L’étreinte des Flammes :
« — Ce petit bijou est l’un de mes mélanges préférés, reprit la mère d’Izzy en saisissant un nouveau flacon. Effets bénéfiques assurés sur la vie amoureuse, garantie satisfait ou remboursé. Votre mari n’a jamais eu de… faiblesse ?
Elle leva un doigt qu’elle laissa ensuite pendre mollement tout en haussant les sourcils.
Un silence assourdissant se fit soudain à l’étage.
— Euh… non.
J’essayai de me retenir. Vraiment. Si Darryl n’avait pas dit « Bien joué, mon pote, pendant un moment, je me suis fait du souci pour toi », je pense que j’aurais tenu. Mais il le dit. Et Adam éclata de rire, ce qui vint à bout de mes dernières résistances.
Je poussai un soupir et arrachai une peluche imaginaire de mon pantalon.
— Il n’a jamais de faiblesse de ce genre. Mon mari est un loup-garou, vous savez. Il n’a vraiment pas de problème de ce côté-là, si vous voyez ce que je veux dire.
Elle cligna des yeux d’un air avide.
— Non, je ne vois pas. Que voulez-vous dire ?
— Eh bien…, marmonnai-je en détournant les yeux, comme si j’étais gênée. Vous savez ce qu’on dit sur les loups-garous.
Elle se pencha plus près de moi.
— Non, je ne sais pas, murmura-t-elle. Dites-moi.
J’avais entendu la porte de la salle de réunion s’ouvrir, aussi avais-je la certitude que les loups-garous en haut ne manquaient rien de notre conversation, même si nous chuchotions.
Je soupirai et reposai les yeux sur elle.

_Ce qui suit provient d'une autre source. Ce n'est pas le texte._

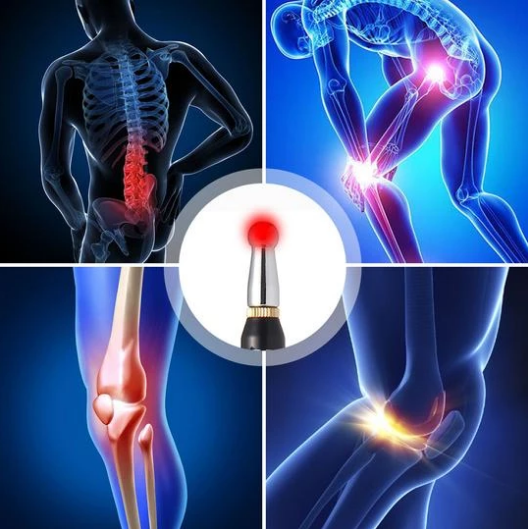 ELECTRONIC ACUPUNCTURE PEN (BUY 2+ TO GET 15% OFF)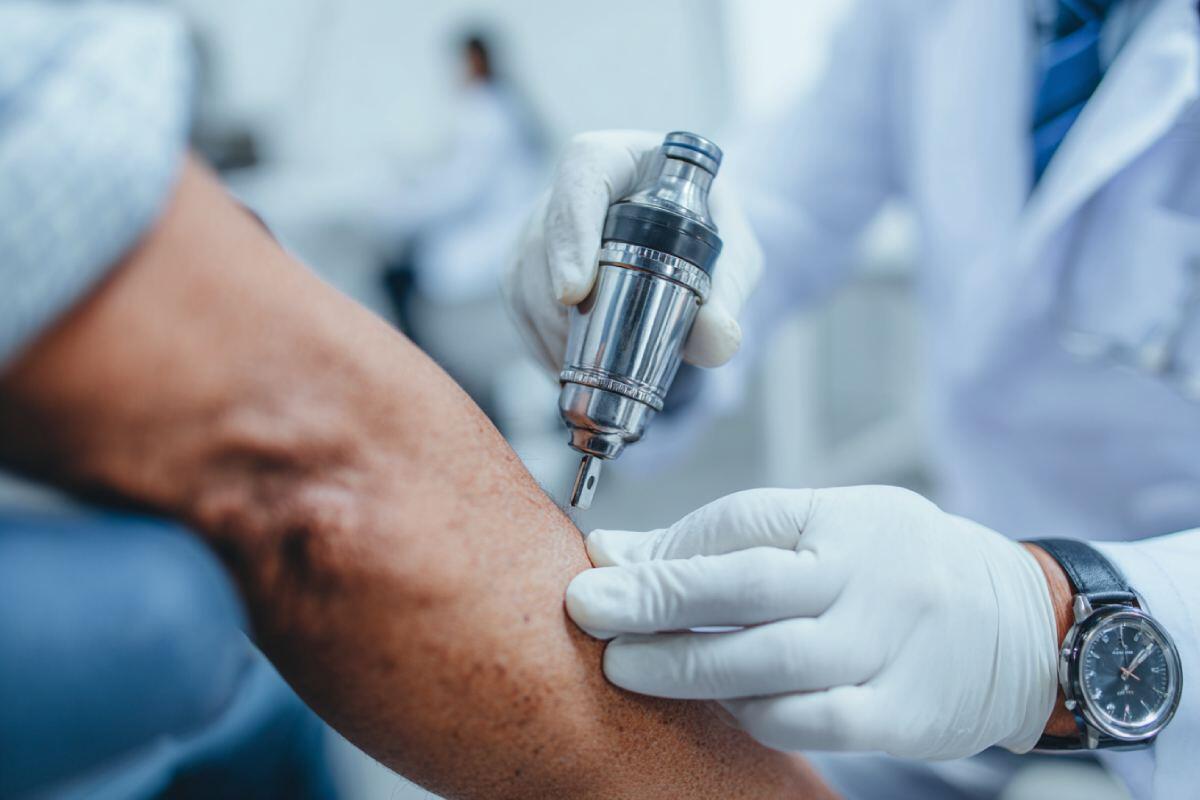 Cómo detectar el cáncer de piel en climas cálidos como Cartagena o Santa Marta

— Disons que… tous les soirs, ça me va. Tous les matins aussi. Mais trois ou quatre fois dans la même nuit ? (Je laissai échapper un rire rauque.) Vous avez vu mon mari, non ? (Adam était d’une beauté à couper le souffle.) Mais parfois… Je n’ai plus vingt ans, vous comprenez ? Il m’arrive d’être fatiguée. Alors que je ne rêve que de dormir, il vient encore se frotter contre moi, enfin, vous voyez, quoi. (Je lui adressai ce qui ressemblait, je l’espérais, à un sourire timide teinté d’une pointe d’optimisme.) Vous n’auriez rien susceptible de m’aider ?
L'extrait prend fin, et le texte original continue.